Called Strive 2 Thrive, the program focuses on poverty-stricken families and uses a model called "circles" developed by Scott Miller, a co-founder and CEO of Move the Mountain, a national anti-poverty organization.
Speaking at an anti-poverty symposium Friday, Miller discussed the program and how it focuses attention directly on the social relationships between those in poverty and those with means and resources to help pull them out.
"Our mission is to end poverty, not to just reduce it," Miller told the crowd. "But that means having a plan that surrounds those families in need with people who can bring their personal and professional experience to the table for everyone's benefit. For those with wealth to come to those without."
Miller said that programs in other states had shown that just throwing money at the problem wasn't solving anything. When you put those in need in connection with those who could satisfy those needs and allow those in poverty to work to pull themselves up, success rates dramatically improve, he said.
As a part of the symposium Friday, two local people in poverty, Kim and CeCe, each told their stories and answered questions about their lives and what they believe could help get them out of their current financial straits.
"If we had more support from the upper people, you know, the ones who have more than we do, if we got to know people in a higher status we may be able to elevate ourselves," said Kim, a mother of three who is currently working full time and pursuing her GED.

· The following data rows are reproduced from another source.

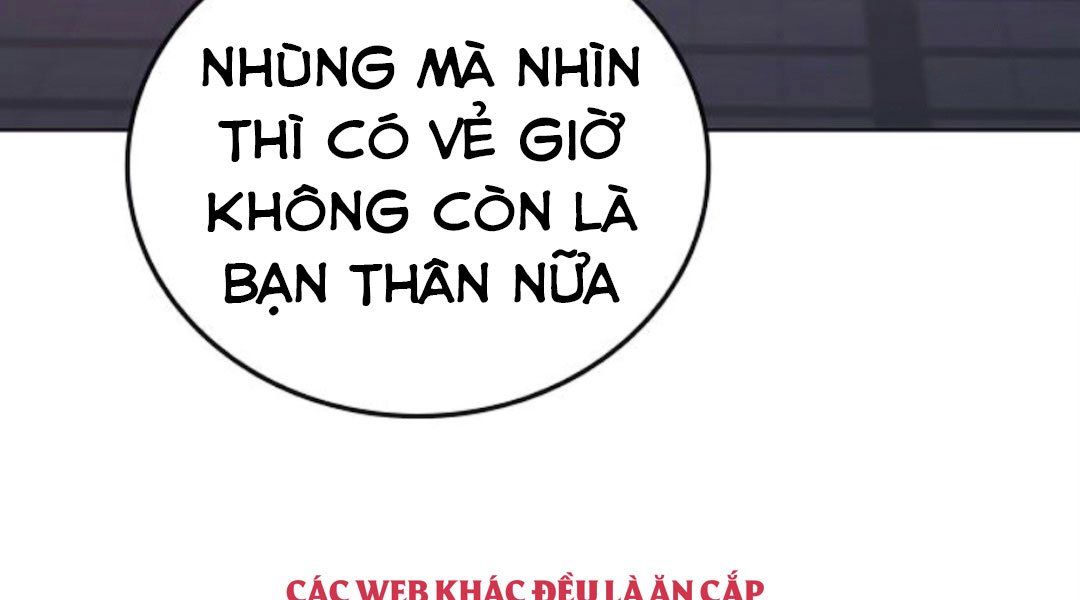 đọc truyện Nhiệm Vụ Đời Thật Chương 32.5 ảnh 132 tại Thiên Thai Truyện
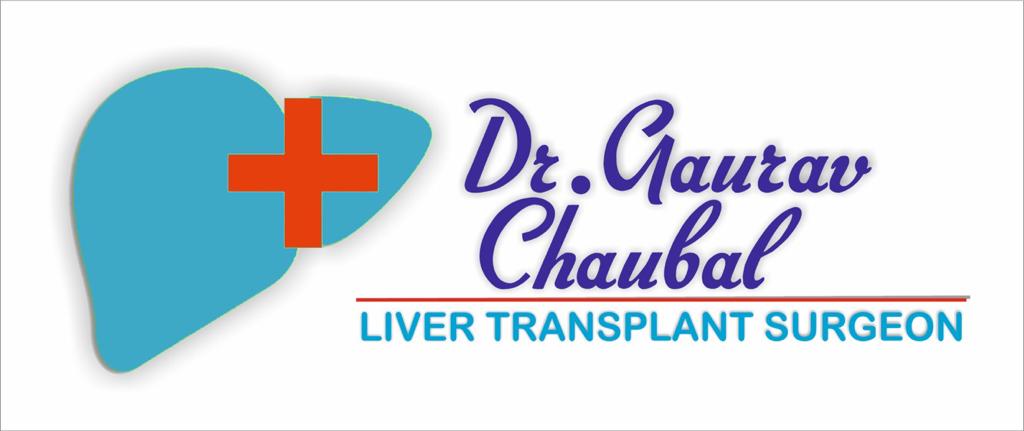 Dr Gaurav Chaubal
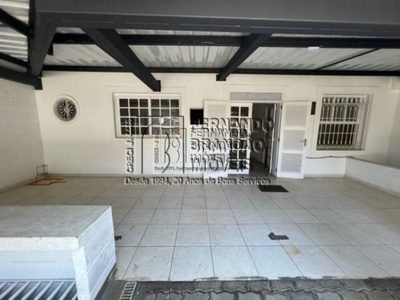 Prédio Inteiro, 500 m² - Foto 4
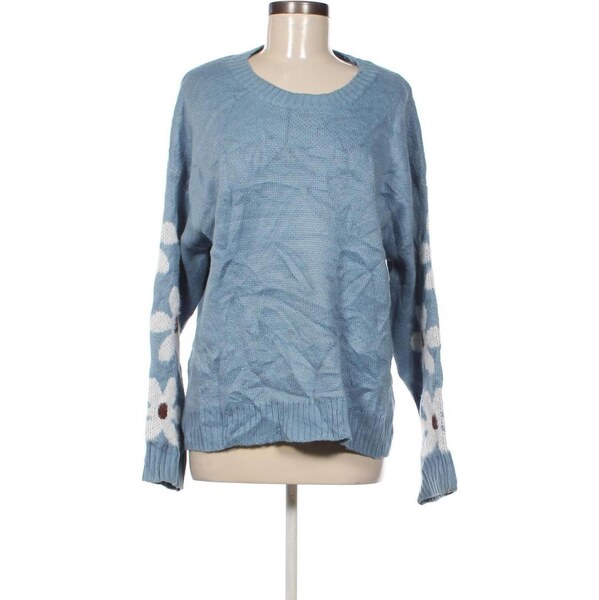 Dámsky pulóver Unbranded 65837764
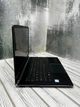 Ноутбук Acer Swift SF514-51 \ 14.0 \ Full HD \ Core I5-7200U \ 8 GB \ SSD 256 GB \ надійний \ - Б/В - зображення 4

"I can't focus on the future because I only have enough money for
today," she said.
Miller pointed to roadblocks of getting people out of poverty, which include a lack of motivation or those who are comfortable being poor, lack of education and those who become discouraged when they do find a better paying job but one that brings in less income than subsidies did before they were employed.
After the city was named in Forbes as one of the poorest city's in the country, some of the area's top business leaders and stakeholders met and identified poverty as a key obstacle to improving the quality of life throughout the area.
Dwayne Myles, president of United Way of Southwest Georgia and a Strive 2 Thrive Committee member, said that contact needs to be made with some of the 900 or so non-profits throughout Dougherty County to ensure the needs of the public are being met efficiently.
"We're looking at a long-term program that creates a partnership with
those charitable organizations, social agencies and government entities to ensure that what we're doing is actually doing what its intended to do," he said. "We have to communicate with each other to make sure we're eliminating duplicate services and are fixing the problem, not creating a bigger one."
Miller showed the group statistics from various cities where the program had been implemented.
In Tupelo, Miss., a city of 70,000 people, over a span of 60 years leaders managed to turn a city that was once considered one of the poorest cities in one of the poorest states into one that -- for the last 18 years straight -- had generated 1,000 manufacturing jobs per year.
"Community development precedes economic development," Miller said. "If someone is built up and educated and motivated, those in industry will notice."